Short descriptive text snippets
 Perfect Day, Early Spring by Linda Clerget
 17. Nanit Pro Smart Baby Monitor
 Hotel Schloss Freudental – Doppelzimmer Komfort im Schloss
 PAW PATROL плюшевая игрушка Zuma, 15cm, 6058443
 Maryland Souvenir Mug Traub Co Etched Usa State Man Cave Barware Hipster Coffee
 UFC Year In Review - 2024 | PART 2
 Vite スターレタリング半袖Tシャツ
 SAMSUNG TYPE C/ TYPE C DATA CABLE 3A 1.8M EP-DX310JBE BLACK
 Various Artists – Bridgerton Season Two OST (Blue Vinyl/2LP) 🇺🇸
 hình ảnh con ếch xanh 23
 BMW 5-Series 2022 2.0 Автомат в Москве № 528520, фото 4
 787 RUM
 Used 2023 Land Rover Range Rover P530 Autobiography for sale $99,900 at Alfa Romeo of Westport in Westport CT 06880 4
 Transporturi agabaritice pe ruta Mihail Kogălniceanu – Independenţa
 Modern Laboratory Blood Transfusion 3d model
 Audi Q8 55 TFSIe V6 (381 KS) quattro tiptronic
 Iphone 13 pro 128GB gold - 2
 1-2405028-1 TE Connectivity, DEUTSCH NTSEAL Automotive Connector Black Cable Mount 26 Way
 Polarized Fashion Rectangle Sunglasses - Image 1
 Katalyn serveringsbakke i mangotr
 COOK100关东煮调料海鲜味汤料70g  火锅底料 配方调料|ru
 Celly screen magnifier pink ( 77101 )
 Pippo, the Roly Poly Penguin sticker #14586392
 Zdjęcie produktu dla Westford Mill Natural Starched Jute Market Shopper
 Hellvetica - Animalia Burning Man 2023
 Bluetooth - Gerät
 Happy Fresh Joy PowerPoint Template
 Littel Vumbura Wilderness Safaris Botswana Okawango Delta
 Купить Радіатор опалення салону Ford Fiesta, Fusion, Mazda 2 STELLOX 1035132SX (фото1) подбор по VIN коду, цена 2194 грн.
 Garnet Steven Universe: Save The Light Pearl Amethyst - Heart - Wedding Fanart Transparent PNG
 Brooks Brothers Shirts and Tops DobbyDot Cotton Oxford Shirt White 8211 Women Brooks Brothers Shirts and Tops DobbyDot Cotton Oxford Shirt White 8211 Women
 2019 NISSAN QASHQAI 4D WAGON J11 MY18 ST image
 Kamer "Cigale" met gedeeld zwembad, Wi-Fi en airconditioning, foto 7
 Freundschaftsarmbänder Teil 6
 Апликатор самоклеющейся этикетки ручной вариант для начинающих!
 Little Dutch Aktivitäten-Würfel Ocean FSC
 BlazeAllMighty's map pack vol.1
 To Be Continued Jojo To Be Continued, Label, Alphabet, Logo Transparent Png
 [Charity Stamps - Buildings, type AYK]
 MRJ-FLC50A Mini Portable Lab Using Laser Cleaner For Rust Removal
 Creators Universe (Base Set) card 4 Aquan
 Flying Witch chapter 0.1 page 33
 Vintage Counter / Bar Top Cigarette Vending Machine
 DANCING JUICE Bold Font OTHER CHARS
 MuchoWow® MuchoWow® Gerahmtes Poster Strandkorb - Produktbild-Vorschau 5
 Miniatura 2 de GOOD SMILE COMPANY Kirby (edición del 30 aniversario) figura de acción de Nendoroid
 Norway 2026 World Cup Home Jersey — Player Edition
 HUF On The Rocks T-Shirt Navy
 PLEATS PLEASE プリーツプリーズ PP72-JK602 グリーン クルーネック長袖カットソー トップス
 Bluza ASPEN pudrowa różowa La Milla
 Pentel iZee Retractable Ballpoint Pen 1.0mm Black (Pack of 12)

--- TRY IT ---
Copy out the lines above exactly, beginning at the one that contains "17. Nanit Pro Smart Baby Monitor" and ending at the one that contains "Freundschaftsarmbänder Teil 6".

--- WRITTEN RESPONSE ---
 17. Nanit Pro Smart Baby Monitor
 Hotel Schloss Freudental – Doppelzimmer Komfort im Schloss
 PAW PATROL плюшевая игрушка Zuma, 15cm, 6058443
 Maryland Souvenir Mug Traub Co Etched Usa State Man Cave Barware Hipster Coffee
 UFC Year In Review - 2024 | PART 2
 Vite スターレタリング半袖Tシャツ
 SAMSUNG TYPE C/ TYPE C DATA CABLE 3A 1.8M EP-DX310JBE BLACK
 Various Artists – Bridgerton Season Two OST (Blue Vinyl/2LP) 🇺🇸
 hình ảnh con ếch xanh 23
 BMW 5-Series 2022 2.0 Автомат в Москве № 528520, фото 4
 787 RUM
 Used 2023 Land Rover Range Rover P530 Autobiography for sale $99,900 at Alfa Romeo of Westport in Westport CT 06880 4
 Transporturi agabaritice pe ruta Mihail Kogălniceanu – Independenţa
 Modern Laboratory Blood Transfusion 3d model
 Audi Q8 55 TFSIe V6 (381 KS) quattro tiptronic
 Iphone 13 pro 128GB gold - 2
 1-2405028-1 TE Connectivity, DEUTSCH NTSEAL Automotive Connector Black Cable Mount 26 Way
 Polarized Fashion Rectangle Sunglasses - Image 1
 Katalyn serveringsbakke i mangotr
 COOK100关东煮调料海鲜味汤料70g  火锅底料 配方调料|ru
 Celly screen magnifier pink ( 77101 )
 Pippo, the Roly Poly Penguin sticker #14586392
 Zdjęcie produktu dla Westford Mill Natural Starched Jute Market Shopper
 Hellvetica - Animalia Burning Man 2023
 Bluetooth - Gerät
 Happy Fresh Joy PowerPoint Template
 Littel Vumbura Wilderness Safaris Botswana Okawango Delta
 Купить Радіатор опалення салону Ford Fiesta, Fusion, Mazda 2 STELLOX 1035132SX (фото1) подбор по VIN коду, цена 2194 грн.
 Garnet Steven Universe: Save The Light Pearl Amethyst - Heart - Wedding Fanart Transparent PNG
 Brooks Brothers Shirts and Tops DobbyDot Cotton Oxford Shirt White 8211 Women Brooks Brothers Shirts and Tops DobbyDot Cotton Oxford Shirt White 8211 Women
 2019 NISSAN QASHQAI 4D WAGON J11 MY18 ST image
 Kamer "Cigale" met gedeeld zwembad, Wi-Fi en airconditioning, foto 7
 Freundschaftsarmbänder Teil 6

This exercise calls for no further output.